А книги, рукописные и старопечатные? О своей встрече с "патриархом всея Печоры" я написал Владимиру Ивановичу Малышеву, и он пообещал прислать сюда своих сотрудников. По слухам, молодые археографы Владимир Будорагин и Игорь Гумницкий приезжали на Пижму, побывали в Скитской. Но вот удалось ли им убедить наставника расстаться со своими сокровищами — тоже не знаю. Хочется верить, что антоновские фолианты, которые он копил долгие десятилетия, заняли подобающее им место в древлехранилище Пушкинского Дома в Петербурге.
Я слушаю сейчас магнитофонную запись тридцатилетней давности и пытаюсь восстановить голос Сидора Ниловича.
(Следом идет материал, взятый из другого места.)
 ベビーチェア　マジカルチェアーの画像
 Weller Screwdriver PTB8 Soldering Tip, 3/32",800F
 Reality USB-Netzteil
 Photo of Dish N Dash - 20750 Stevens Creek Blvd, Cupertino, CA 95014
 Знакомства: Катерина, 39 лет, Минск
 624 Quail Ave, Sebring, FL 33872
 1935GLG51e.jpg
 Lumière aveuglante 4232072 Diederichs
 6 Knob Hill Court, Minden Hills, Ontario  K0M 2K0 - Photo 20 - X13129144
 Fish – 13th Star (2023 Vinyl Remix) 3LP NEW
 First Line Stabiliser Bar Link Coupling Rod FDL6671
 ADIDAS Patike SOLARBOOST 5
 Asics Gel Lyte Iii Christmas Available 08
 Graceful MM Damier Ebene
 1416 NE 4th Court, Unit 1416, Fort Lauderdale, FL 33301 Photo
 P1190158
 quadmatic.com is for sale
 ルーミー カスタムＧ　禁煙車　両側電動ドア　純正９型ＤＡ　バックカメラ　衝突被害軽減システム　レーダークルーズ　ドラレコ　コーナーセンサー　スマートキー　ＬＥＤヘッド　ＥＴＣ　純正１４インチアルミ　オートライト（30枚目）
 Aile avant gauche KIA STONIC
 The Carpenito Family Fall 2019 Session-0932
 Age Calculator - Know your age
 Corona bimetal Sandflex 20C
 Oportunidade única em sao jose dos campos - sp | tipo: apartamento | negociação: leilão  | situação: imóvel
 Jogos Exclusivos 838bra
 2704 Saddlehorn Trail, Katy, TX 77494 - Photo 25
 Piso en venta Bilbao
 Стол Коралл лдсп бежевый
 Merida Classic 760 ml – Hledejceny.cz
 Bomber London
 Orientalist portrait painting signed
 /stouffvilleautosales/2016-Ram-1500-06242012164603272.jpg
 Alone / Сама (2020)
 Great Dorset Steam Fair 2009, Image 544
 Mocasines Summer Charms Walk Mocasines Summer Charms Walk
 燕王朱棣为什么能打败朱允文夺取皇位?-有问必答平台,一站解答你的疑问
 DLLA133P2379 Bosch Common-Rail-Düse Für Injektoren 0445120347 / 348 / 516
Увлечённый старик сыплет слова, глотает концы их, не договаривает фраз — типичный печорский говор, будто машина на скорости и без тормозов… "Слышь, у меня избушка есть на Умбинском ручье, бывший монашеский скит. Без меня его не найдёшь — понял? В двадцати ступенях от двери влево лежит куча хвороста. Ежели раскидать тот хворост, снять дёрн, то увидишь лаз глубиной полтора метра. Там лежат сорок самых дорогих мне книг, писаны моим прадедом Матвеем. Книги непродажные, исти не просят, все обёрнуты в берёсту и домоткань…"
Слушаешь — как сказка! Верится — и не верится. Но, думается, они и сейчас там лежат.